Antibiotics – Are They Causing Your Neck Pain?

neck pain pinched nerves from fluoroquinolone use

Peripheral nerve damage and neck pain need adding to this list of fluoroquinolone's adverse effects.

There are many causes of pinched nerves in the neck and resulting neck pain but new guidelines highlight how your neck pain might be triggered by antibiotics taken for an unrelated condition. The US Food and Drug Administration (FDA) now requires peripheral neuropathy to be listed more prominently as a possible side effect of fluoroquinolone antibiotics, with potentially serious and permanent nerve damage a risk even with short term use of these antibacterial drugs.

Drug labels and medication guides for all fluoroquinolone antibacterial drugs are to be updated to reflect their potential to trigger peripheral neuropathy, which may include pain in the arms, hands, feet, and up into the head. These drugs include:

  • Levofloxacin (Levaquin)
  • Iprofloxacin (Cipro)
  • Moxifloxacin (Avelox)

  • Norfloxacin (Noroxin)
  • Floxacin (Floxin)
  • Gemifloxacin (Factive)

Topical use of fluroquinolones is not thought to be associated with the risk of peripheral neuropathy, with the warning only applying thus far to oral and injected use of these drugs.

As such, anyone with sudden onset of neck pain and/or symptoms of pinched nerves in the neck, and who are taking or have recently taken these antibiotics should check in with their physician to see if a change of medication is warranted.
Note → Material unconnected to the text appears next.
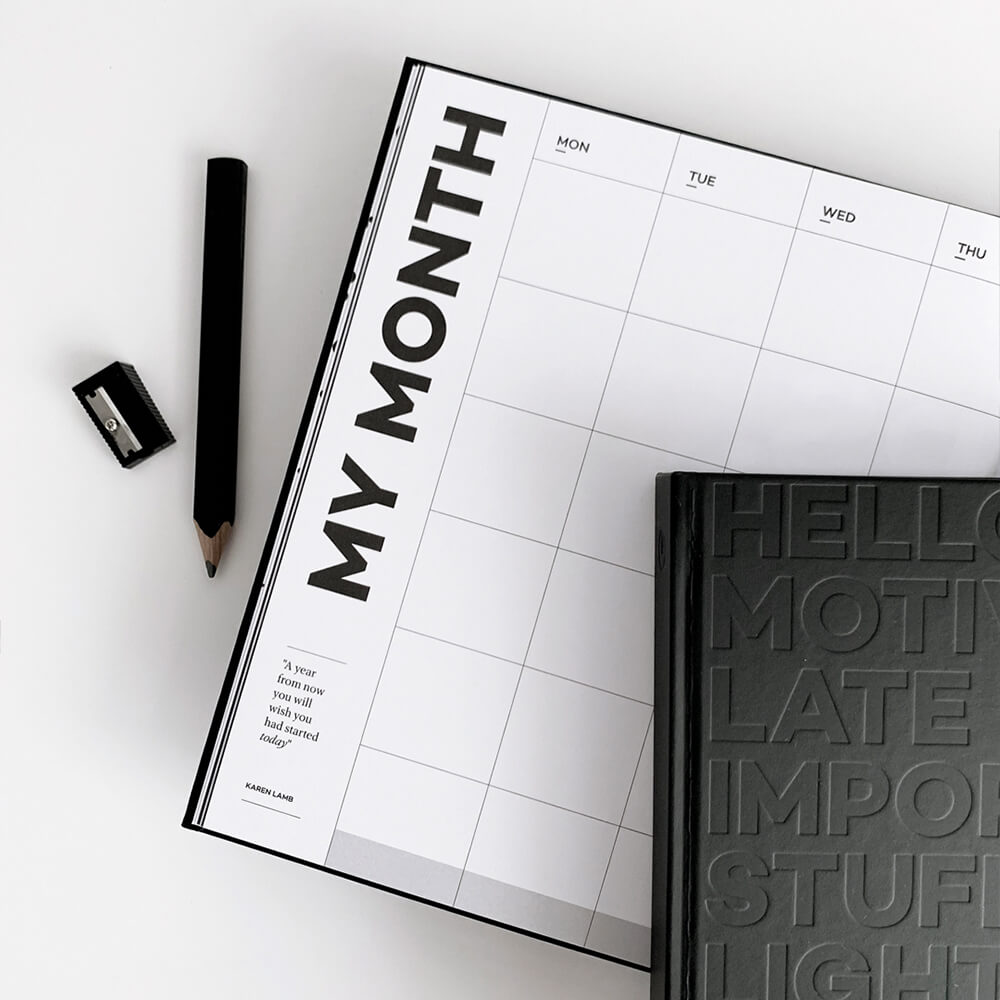 Open HELLO TIME "My Month" planner page with weekly grid, black embossed planner cover, pencil and sharpener beside it.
Medication guides for fluoroquinolones should accompany all prescriptions of these antibacterial drugs and physicians are being told to warn patients about the potential for peripheral neuropathy when using such drugs.

Reporting Neck Pain from Antibiotics

Any occurrence of neck pain and/or paraesthesia with the use of antibiotics should be investigated. The risk of discontinuing fluoroquinolone use will then be weighed against the risk or nerve damage and appropriate action taken. It may be that a different kind of antibiotic is available or that something unrelated to the drugs is the cause of your neck pain and paraesthesia. If you do experience neck pain from antibiotic use, or peripheral nerve damage and symptoms of pinched nerves in the neck then not only is it important to seek medical attention immediately but it is good practice to ensure that your experience is reported via the adverse events reporting system so that more medical professionals, and patients like you, know their risk of similar experiences.